Tam da bu süreçte asıl konumuza giriş yapabiliriz. Alıcılar satın alma tercihlerini nasıl yaparlar?
Tüketicilerin marka fonksiyonu anlayışı işletme yönetimi içinde, markaların fonksiyonları başlığı altında 4 gruba ayrılmaktadır. Bunlar, kalite güvence fonksiyonu, kişisel kimlik fonksiyonu, sosyal kimlik fonksiyonu ve statü fonksiyonudur. Tüketiciler mevzu bahsi geçen fonksiyonlara göre satın alma tercihlerini yapmaktadırlar.
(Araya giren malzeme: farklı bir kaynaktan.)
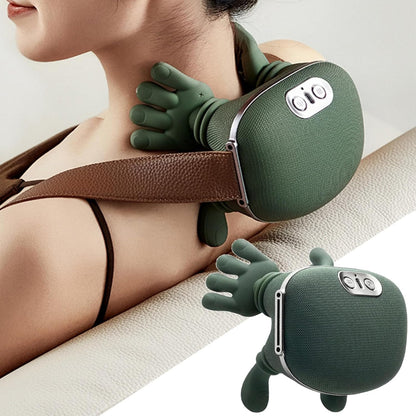 VibraTech Pro™ Neck and Shoulder Massager with Deep Tissue Kneading™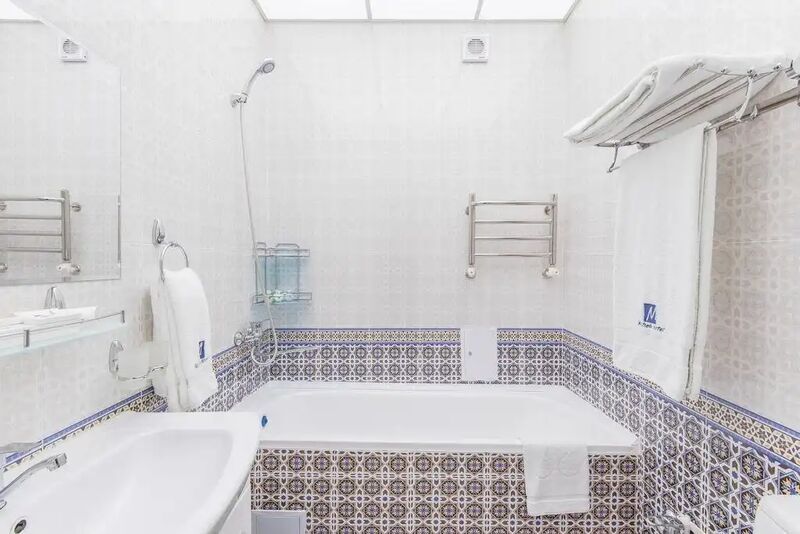 Номер Standard в Отель Michelin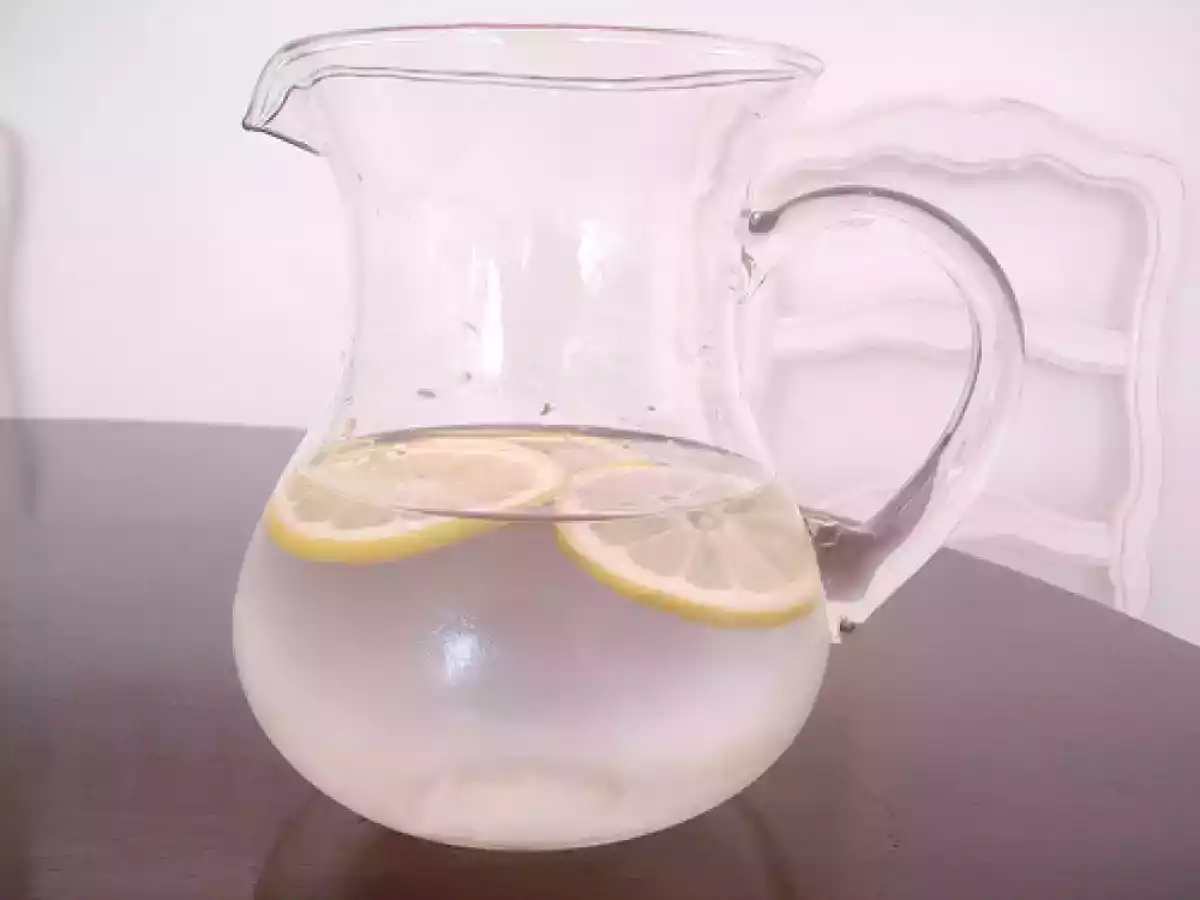 Refresco de limao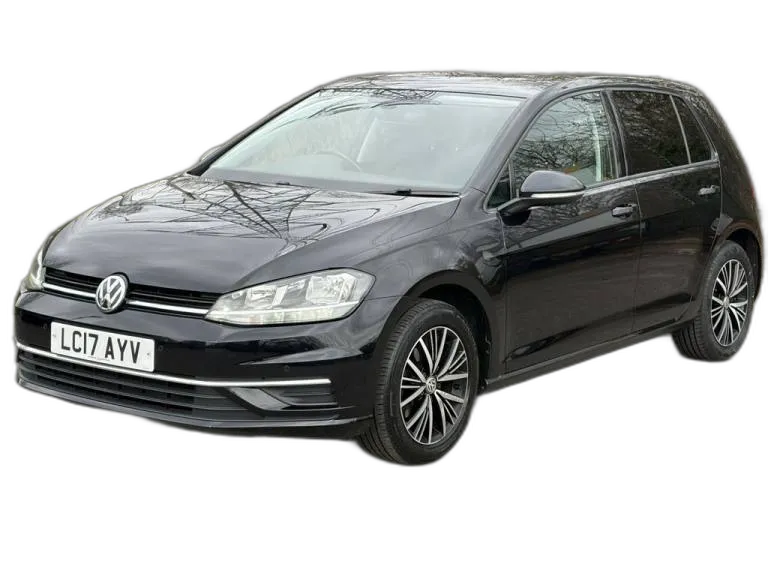 2017 Volkswagen Golf 1.4 TSI BlueMotion Tech SE Nav Hatchback 5dr Petrol Manual Euro 6 (s/s) (12 ...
Bunu bir araştırma ile örneklendirebiliriz.
Üniversite öğrencileri arasında yapılan cep telefonu marka seçimi araştırmasının verilerine göre bir markanın tercih edilmesinin nedenleri aşağıdaki gibi ortaya çıkmaktadır;

  • Markanın kaliteli olması,
  • Markanın güvenilir oluşu,
  • Markanın ünlü kişiler tarafından kullanılması,
  • Arkadaş çevresinin bu markayı kullanması,
  • Markanın modaya uygun olması,
  • Kullanılan marka ile arkadaşları arasında havasının olması,
  • Kullanılan marka ile çevresinde ilgi odağına dönüşmesi,
  • Markanın şekli, logosu, ismi, şekli kolayca tanınmayı sağlıyor,
Araştırma sonuçlarından da anlaşılacağı gibi küreselleşmenin yaygınlaşması ile marka seçimlerinin kişilerin kalite ve güvence seçeneklerinden sonra, bağlantılı bulundukları sosyal çevreye kendilerini kanıtlayabilmek, statü kazanmak ve kazanılan statü ile bulundukları çevrede kalıcılığı sağlayabilmek için kendi çevrelerinde kullanımı yaygın ve ilgi odağı olan markaları seçtiklerini söyleyebiliriz.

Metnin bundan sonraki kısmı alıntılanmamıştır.